- Infielder
- Born: November 5, 1976 (age 49) Caracas, Venezuela
- Batted: BothThrew: Right

MLB debut
- June 9, 1999, for the Chicago White Sox

Last MLB appearance
- October 3, 1999, for the Chicago White Sox

MLB statistics
- Batting average: .237
- Home runs: 1
- Runs batted in: 12
- Stats at Baseball Reference

Teams
- Chicago White Sox (1999);

= Liu Rodríguez =

Venezuelan baseball player (born 1976)

Liubiemithz Rodríguez Cevedo (born November 5, 1976) is a Venezuelan former professional baseball second baseman. He had 93 at bats in Major League Baseball for the Chicago White Sox in the 1999 season. He was a switch-hitter and threw right-handed.

==Career==
===Chicago White Sox===
Rodríguez began his career with the Chicago White Sox organization in 1995 for the GCL White Sox. In 1996 and 1997, Rodríguez played for the A-ball Hickory Crawdads. In 1998, Rodríguez played for the advanced A-ball Winston-Salem Warthogs. On June 9, 1999, Rodríguez made his major league debut for the Chicago White Sox. Rodríguez made his final major league appearance in 1999, and spent 2000 with the Triple-A Charlotte Knights. In the majors, Rodríguez was a .237 career hitter with one home run and 12 RBI in 39 games. He played in Charlotte in 2001 as well. He became a free agent after the season.

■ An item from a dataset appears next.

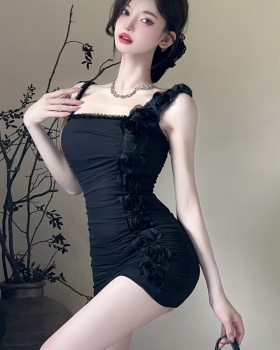 Bottoming gauze asymmetry flowers sling enticement dress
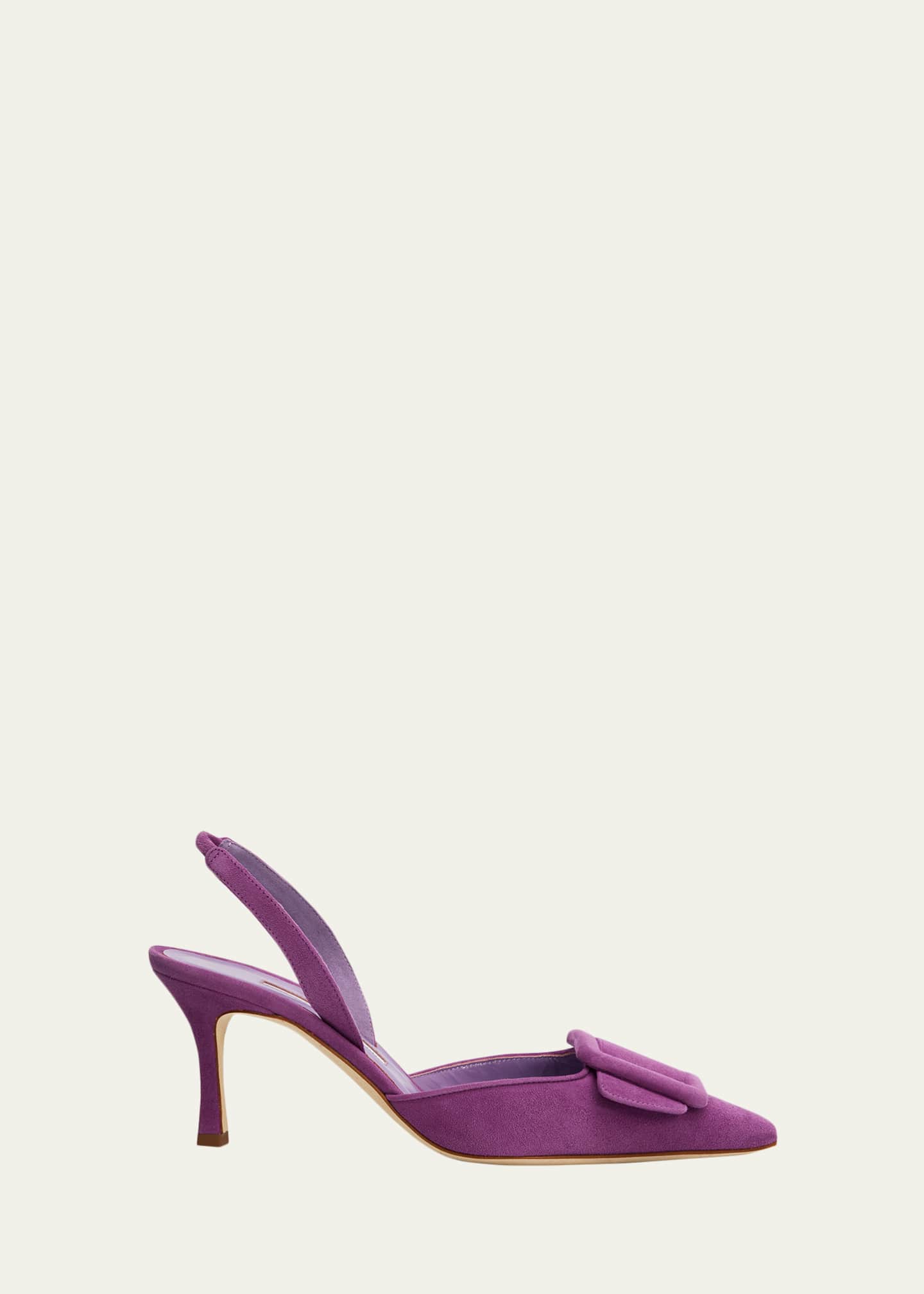 Manolo Blahnik 70mm Maysli Suede Slingback Pumps - Bergdorf Goodman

===Saraperos de Saltillo===
In 2002, Rodríguez signed with the Saraperos de Saltillo of the Mexican League. He played in 47 games for the Saraperos, he hit .306/.377/.403, notching 57 hits.

===Olmecas de Tabasco===
Partway through the 2002 season, Rodríguez was traded to the Olmecas de Tabasco. He played in 22 games for Tabasco, hitting .288/.431/.327, including 15 hits. He became a free agent after the season.

===Profumerie La Gardenia Grosseto===
In 2003, Rodríguez signed with the Profumerie La Gardenia Grosseto of the Italian Baseball League. He became a free agent after the season.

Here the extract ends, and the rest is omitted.